On oublie trop souvent de réfléchir, aussi, de se poser, de regarder, d’admirer, d’apprécier, de humer, de sentir et de vivre. Et c’est grave, car sans réflexion, nous devenons vides et nos yeux, miroirs de l’âme perdue, retournent dériver sur un écran ou un autre, abrutis d’angoisses existentielles repoussées d’un boost égotique au suivant. On n’oublie pas d’adhérer quand on oublie de réfléchir. On ne reflète plus rien que ce que le vent mauvais de la rumeur amène et c’est pestilentiel comme une décharge de bile, de haine et d’envie. On surfe sur Internet et on se coule dans le pire, en un seul mouvement souple du pouce qui zappe d’une notif’ à une autre. On ne contacte pas les autres pour autant. Un like un peu coupable, de temps en temps, pour dire qu’on suit ce qui ne nous intéresse pas vraiment, en tout cas moins que les vidéos de chat et les sujets d’indignation du jour.
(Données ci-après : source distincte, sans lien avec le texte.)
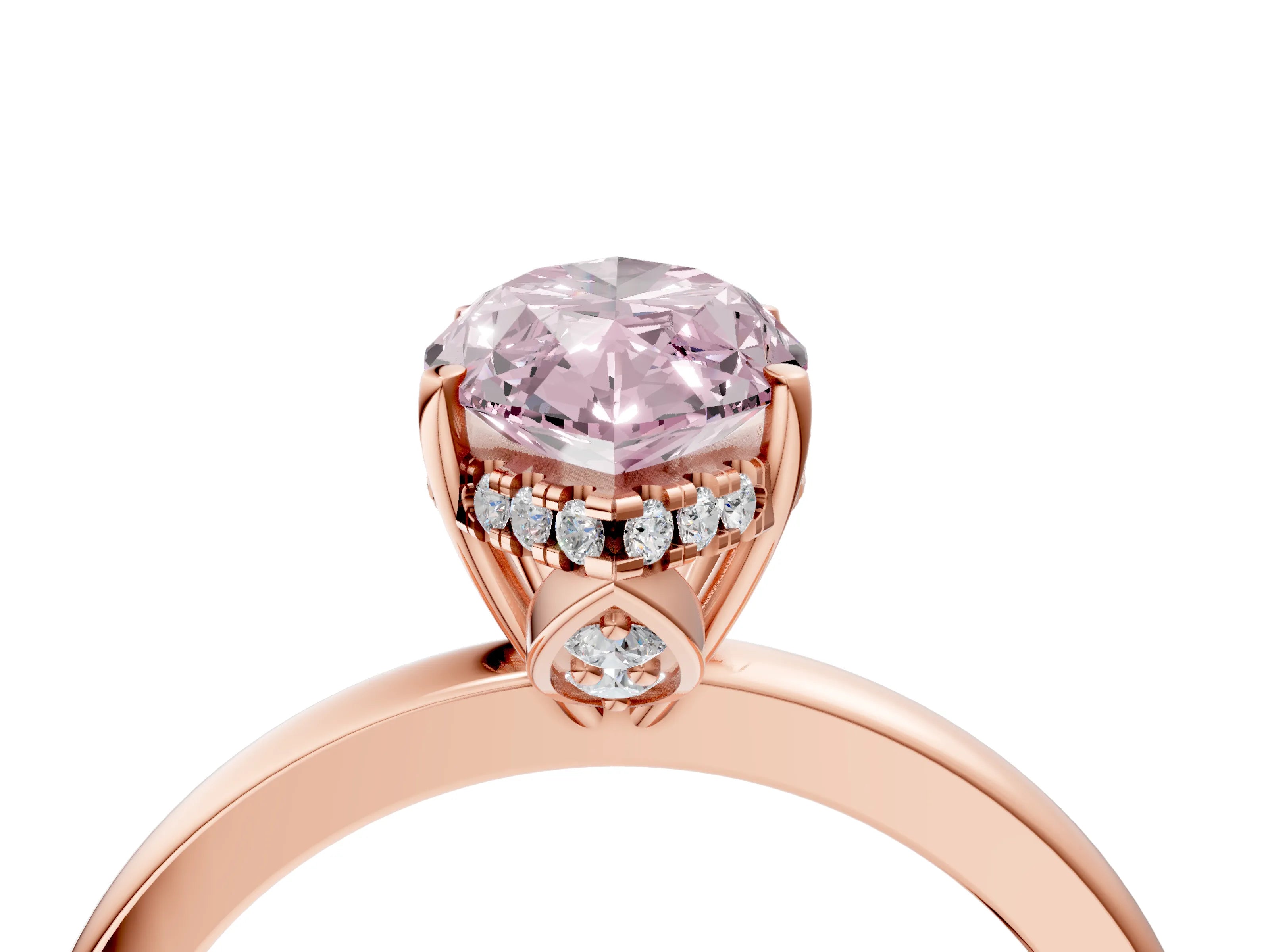 Rose gold Fancy Pink Marquise Cut Solitaire Diamond Ring with Prong Setting and Plain Band_4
On oublie de se montrer vulnérables, surtout, et comment voulez-vous aimer si vous n’acceptez pas d’être vus ? Alors, on confond acheter et gagner, posséder et recevoir, apprécier et aimer, partager et jouir. Et on ne crée plus de liens. On ne sait même plus comment, à part dans une indignation commune, une rumeur mauvaise, un faux rebond moral qui nous contraint nous-mêmes. Et on oublie que sans tendresse et sans sens, nous mourrons en un étiolement amer et consumant.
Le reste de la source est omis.